Who’s profiting from America’s opioid crisis?
Sep 16, 2018
Who’s profiting from America’s opioid crisis?
Ysabela Golden
At this point it’s become pretty clear to everyone in the United States that our opioid crisis is less the accidental consequence of pharmaceutical advancement and more the inevitable result of how profitable willful ignorance can be for drug companies.
Even Trump, whose general policy seems to be hiring the private sector to regulate themselves, threatened to sue companies that manufacture opioids over the “substantial costs and significant interest” the federal government has in the epidemic. If he ends up going through with the lawsuit (though no update has come on that front since mid-August), he won’t be the first: states, municipalities and even labor unions have all jumped on the litigation bandwagon in an attempt to hit Big Pharma where they might actually notice—their wallets.
There’s a long history to these lawsuits, going all the way back to the 90’s when healthcare providers began prescribing their patients opioid pain relievers at much higher rates after pharmaceutical companies assured the medical community and fearful patients that their products wouldn’t become addictive. The result was widespread over-prescription and misuse of these painkillers before it became clear that yes, they were very addictive, and no, doctors should not keep prescribing them at the rate drug manufacturers were encouraging them to.

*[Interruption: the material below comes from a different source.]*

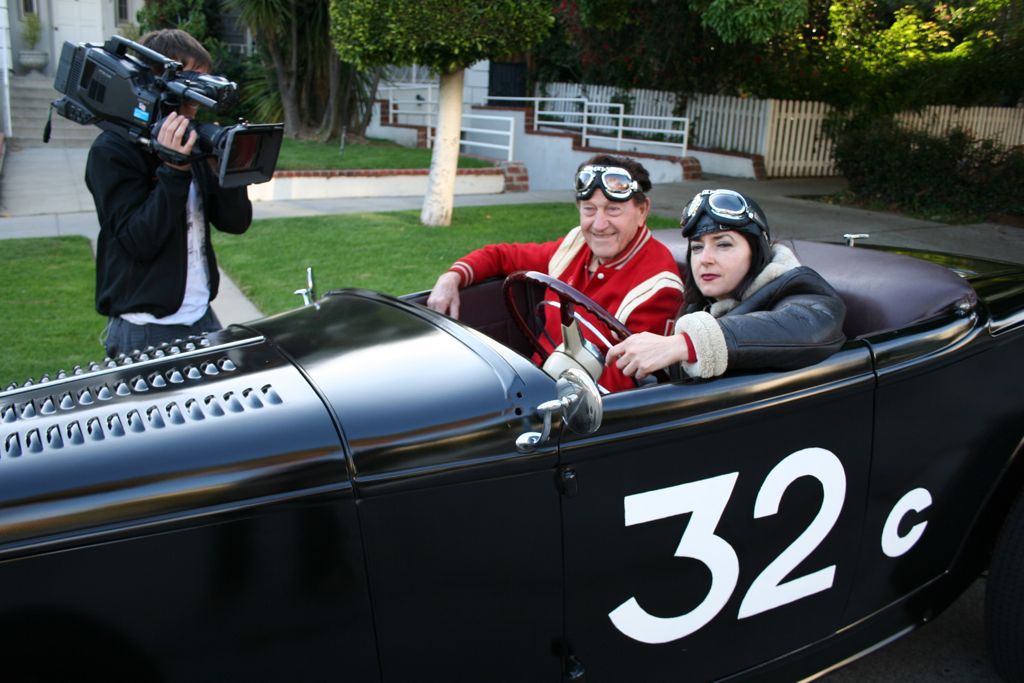 Hot Rod Legende bei ARTE: Die verrückten Karren des Mister Winfield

Still, even as recently as 2015, a Harvard study found that hundreds of U.S. doctors had been paid six-figure sums by opioid manufacturers for “speaking, consulting, and other services” – with physicians who prescribed particularly large amounts of the drugs being the most likely to get paid.
One company, Purdue Pharma (owned by Raymond Sackler and family) has gotten a significant amount of media attention for their “advertising” since earlier this year when Senator Claire McCaskill released a report naming them as the leading offender in an arrangement between opioid manufacturers and pain advocacy groups in which millions were exchanged in order to “create the necessary conditions for the U.S. opioids epidemic.”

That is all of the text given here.